## Work task
Without the pictures, set down every line of the data exactly.
── Source material
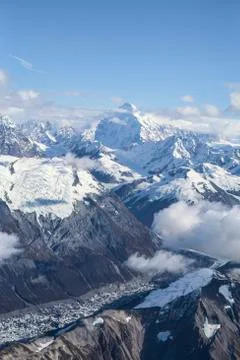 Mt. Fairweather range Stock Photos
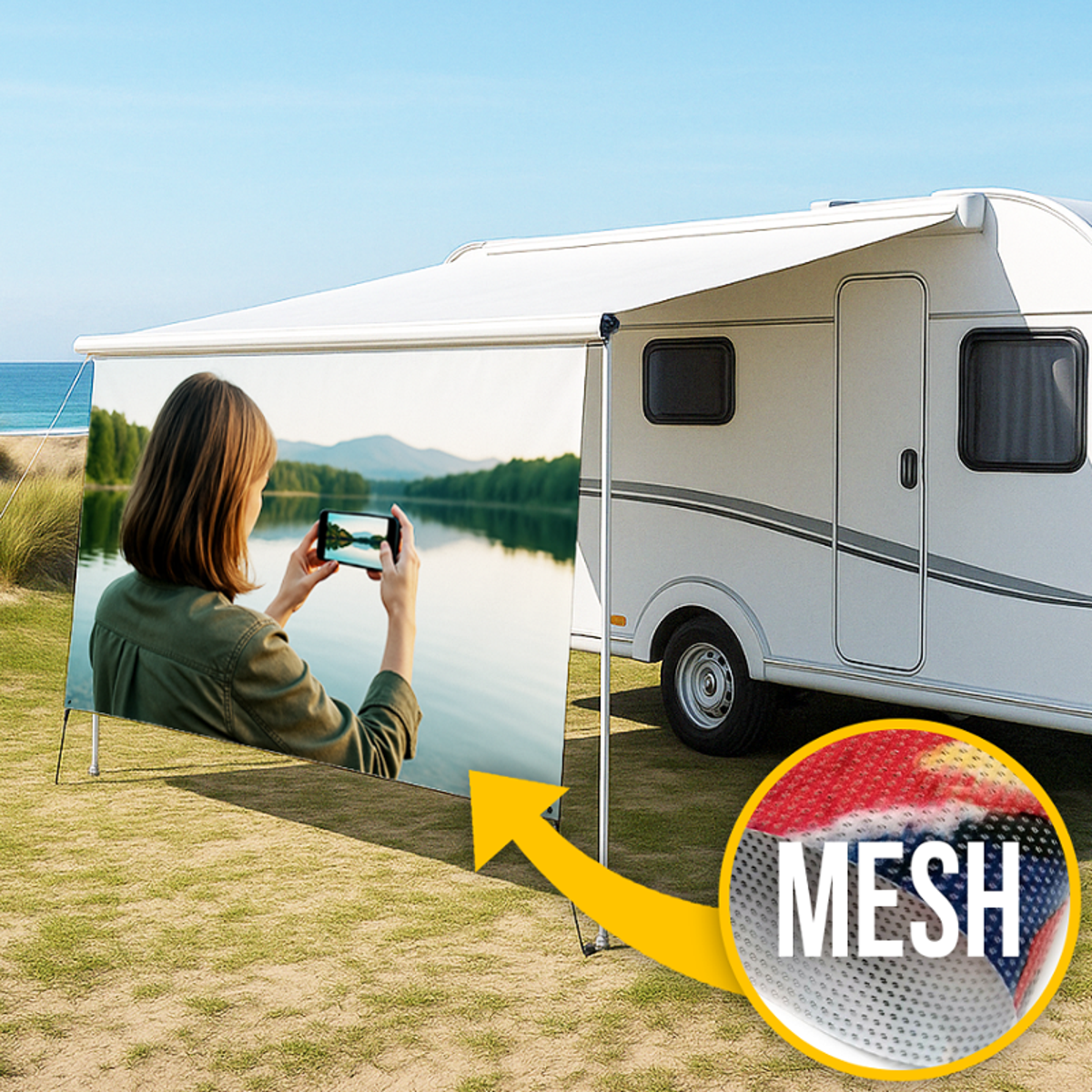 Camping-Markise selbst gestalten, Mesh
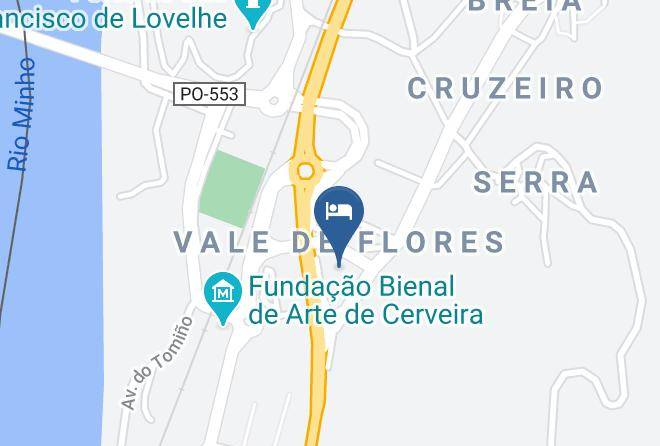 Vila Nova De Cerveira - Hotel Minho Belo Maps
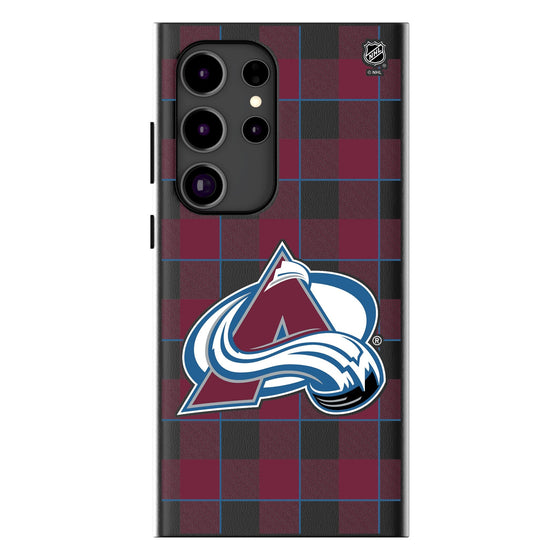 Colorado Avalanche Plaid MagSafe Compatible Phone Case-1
────
## Solved exercise
 Mt. Fairweather range Stock Photos
 Camping-Markise selbst gestalten, Mesh
 Vila Nova De Cerveira - Hotel Minho Belo Maps
 Colorado Avalanche Plaid MagSafe Compatible Phone Case-1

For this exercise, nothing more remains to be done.